[Opening Supplied data section]

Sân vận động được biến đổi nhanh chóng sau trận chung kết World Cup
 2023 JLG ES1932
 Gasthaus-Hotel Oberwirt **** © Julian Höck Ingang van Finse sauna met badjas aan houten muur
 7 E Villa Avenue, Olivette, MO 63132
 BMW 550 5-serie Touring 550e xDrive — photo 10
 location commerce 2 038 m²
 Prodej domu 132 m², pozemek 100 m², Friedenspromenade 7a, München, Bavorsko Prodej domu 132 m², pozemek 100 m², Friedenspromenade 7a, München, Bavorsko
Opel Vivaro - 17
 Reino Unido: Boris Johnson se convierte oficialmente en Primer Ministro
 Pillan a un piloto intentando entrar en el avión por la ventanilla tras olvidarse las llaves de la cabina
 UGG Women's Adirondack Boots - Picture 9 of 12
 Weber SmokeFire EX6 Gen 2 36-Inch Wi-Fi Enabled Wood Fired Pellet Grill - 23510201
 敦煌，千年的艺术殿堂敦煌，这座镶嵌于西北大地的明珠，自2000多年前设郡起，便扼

[Closing Supplied data section]

## Task
Return an exact copy of the listing.

## Output of the exercise
Sân vận động được biến đổi nhanh chóng sau trận chung kết World Cup
 2023 JLG ES1932
 Gasthaus-Hotel Oberwirt **** © Julian Höck Ingang van Finse sauna met badjas aan houten muur
 7 E Villa Avenue, Olivette, MO 63132
 BMW 550 5-serie Touring 550e xDrive — photo 10
 location commerce 2 038 m²
 Prodej domu 132 m², pozemek 100 m², Friedenspromenade 7a, München, Bavorsko Prodej domu 132 m², pozemek 100 m², Friedenspromenade 7a, München, Bavorsko
Opel Vivaro - 17
 Reino Unido: Boris Johnson se convierte oficialmente en Primer Ministro
 Pillan a un piloto intentando entrar en el avión por la ventanilla tras olvidarse las llaves de la cabina
 UGG Women's Adirondack Boots - Picture 9 of 12
 Weber SmokeFire EX6 Gen 2 36-Inch Wi-Fi Enabled Wood Fired Pellet Grill - 23510201
 敦煌，千年的艺术殿堂敦煌，这座镶嵌于西北大地的明珠，自2000多年前设郡起，便扼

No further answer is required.